[[ SUPPLIED RECORDS open ]]

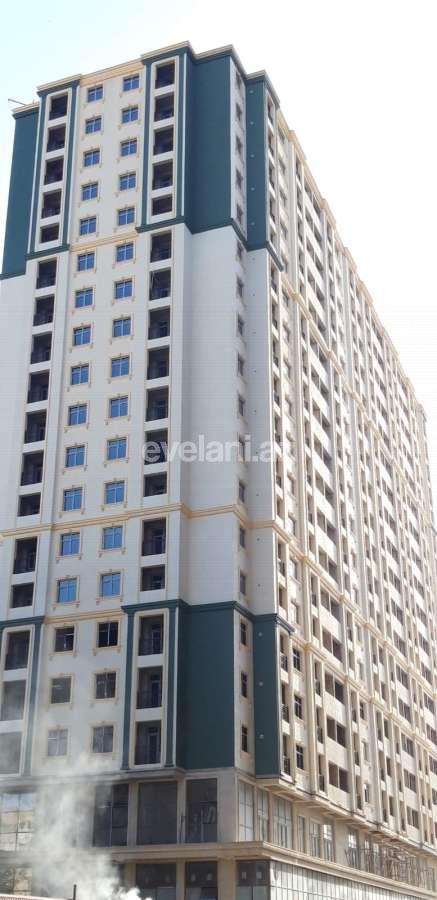 Satılır, yeni tikili, 3 otaqlı, 145 m², Bakı, Yasamal r, Yeni Yasamal q, İnşaatçılar m.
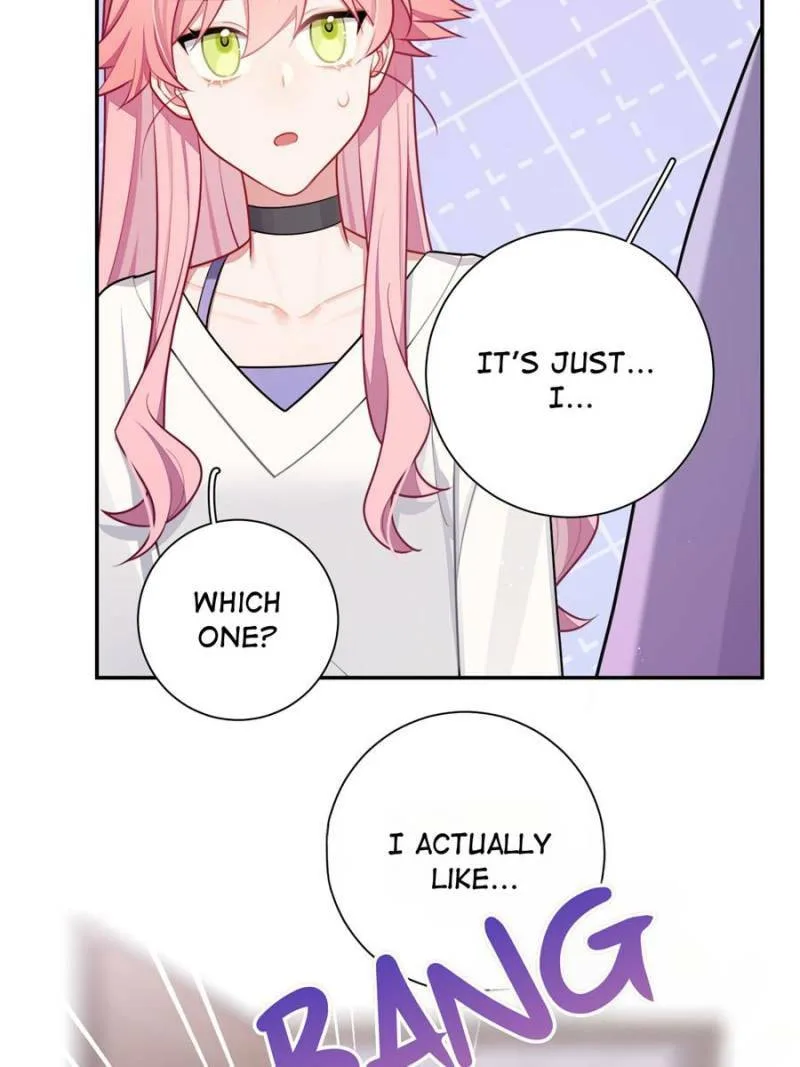 Love's Out, Boy Band Fandom's In Chapter 46 page 26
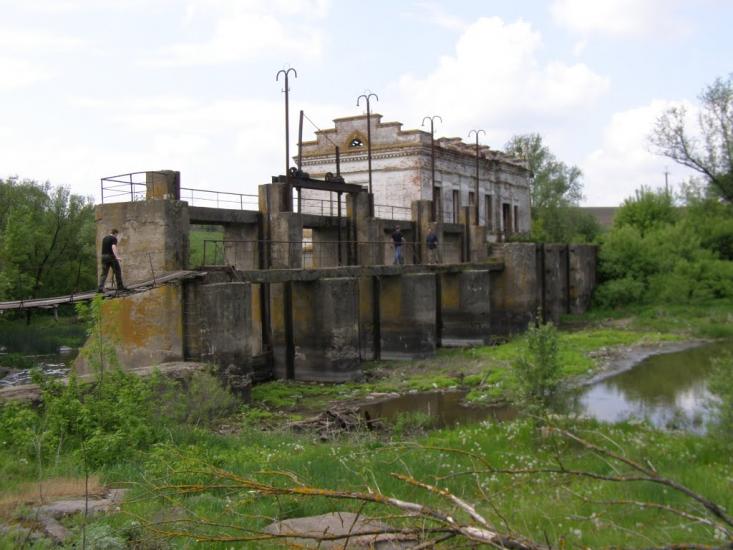 Криві Коліна з panoramio.com - Криві Коліна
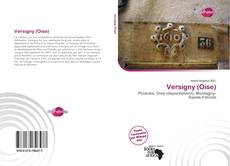 Buchcover von Versigny (Oise)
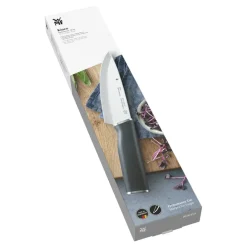 Chef Knives^WMF Kineo cromargan knife , 15 cm Silver-colouredBlack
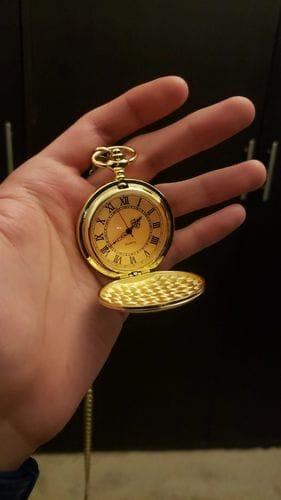 Regalo orologio da tasca Peaky Blinders, regalo di nozze Peaky Blinders,  Tommy Shelby Per ordine dei Peaky Blinders -  Italia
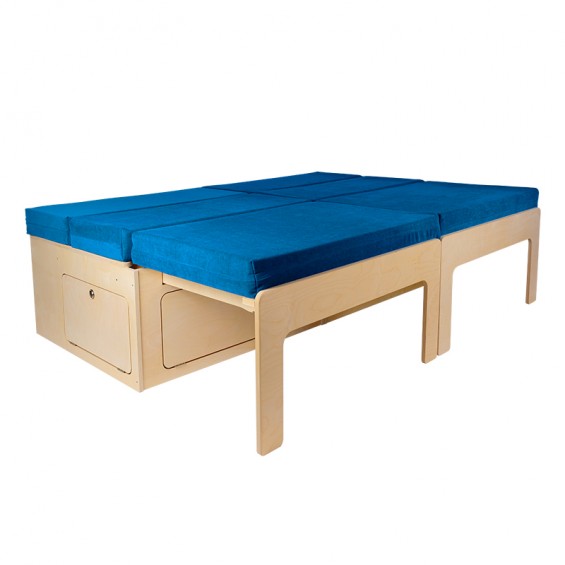 matelas pas cher lit peigne camping-car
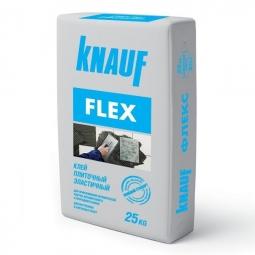 Клей Knauf Флекс для плитки эластичный 25 кг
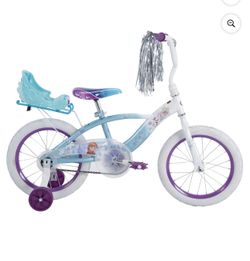 Frozen Bike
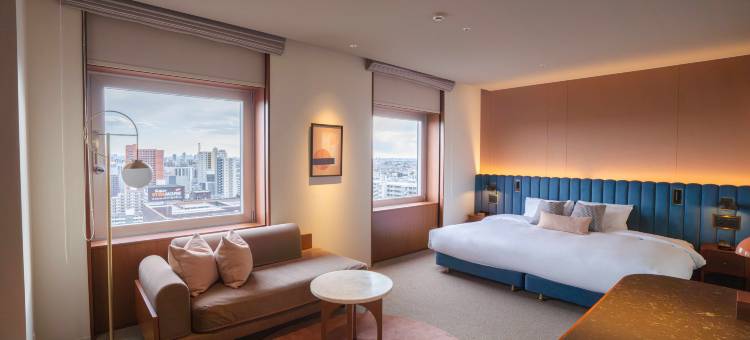 马克格兰酒店(The Mark Grand Hotel)图片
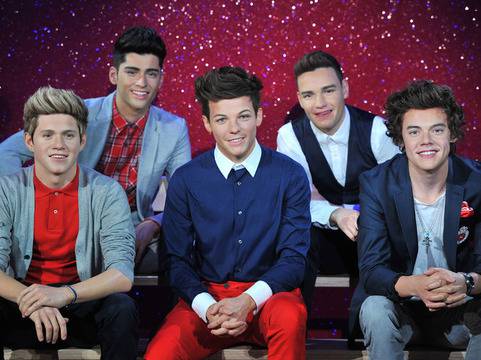One Direction стартират световно турне през 2014 г.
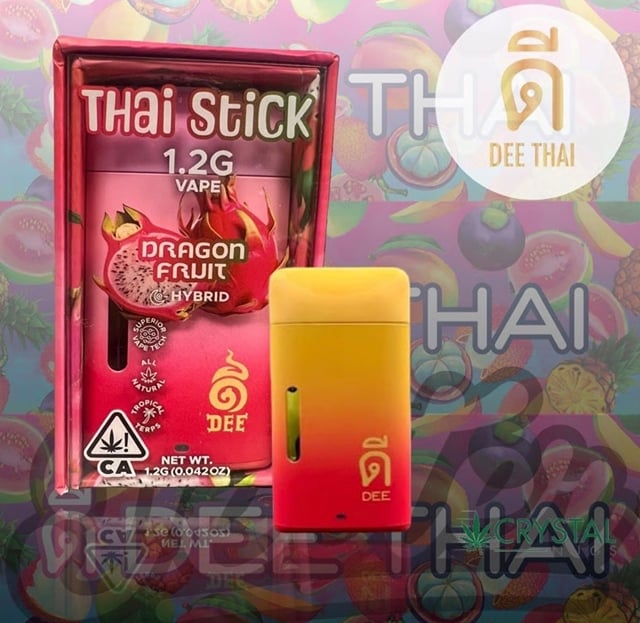 Dragon Fruit - AIO - 1.2g - (H)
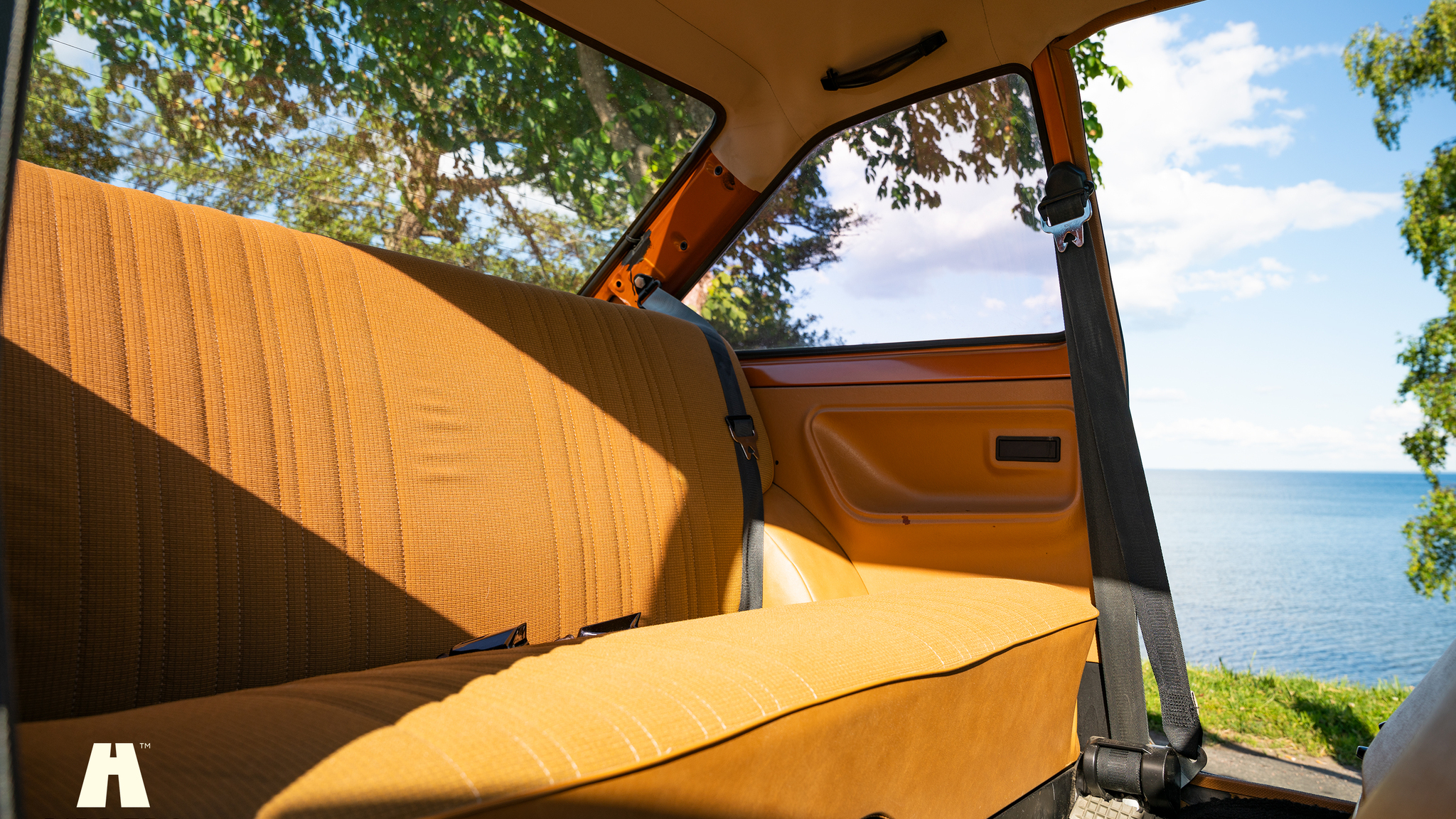 Interiörbild 1975 Ford Escort MARK II  (8)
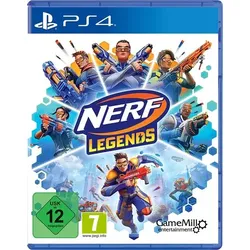 Nerf Legends - PS4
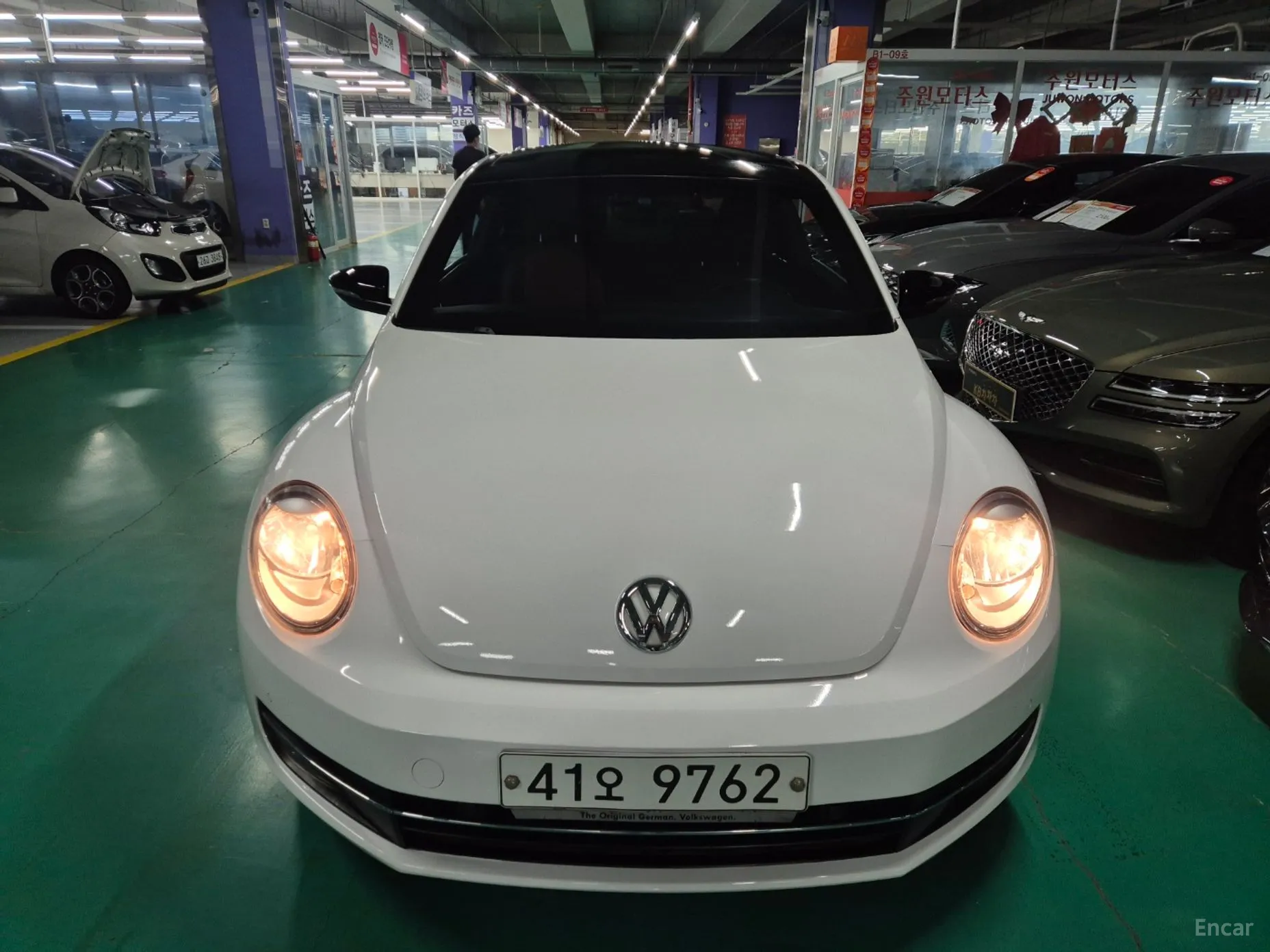 Volkswagen The Beetle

[[ SUPPLIED RECORDS closed ]]

◆ ACTIVITY
Leave out all pictures and retype precisely the lines that run from the line containing "Криві Коліна з panoramio.com - Криві Коліна" to the last line of the records.

◆ ANSWER FOR THIS EXERCISE
 Криві Коліна з panoramio.com - Криві Коліна
 Buchcover von Versigny (Oise)
 Chef Knives^WMF Kineo cromargan knife , 15 cm Silver-colouredBlack
 Regalo orologio da tasca Peaky Blinders, regalo di nozze Peaky Blinders,  Tommy Shelby Per ordine dei Peaky Blinders -  Italia
 matelas pas cher lit peigne camping-car
 Клей Knauf Флекс для плитки эластичный 25 кг
 Frozen Bike
 马克格兰酒店(The Mark Grand Hotel)图片
One Direction стартират световно турне през 2014 г.
 Dragon Fruit - AIO - 1.2g - (H)
 Interiörbild 1975 Ford Escort MARK II  (8)
 Nerf Legends - PS4
 Volkswagen The Beetle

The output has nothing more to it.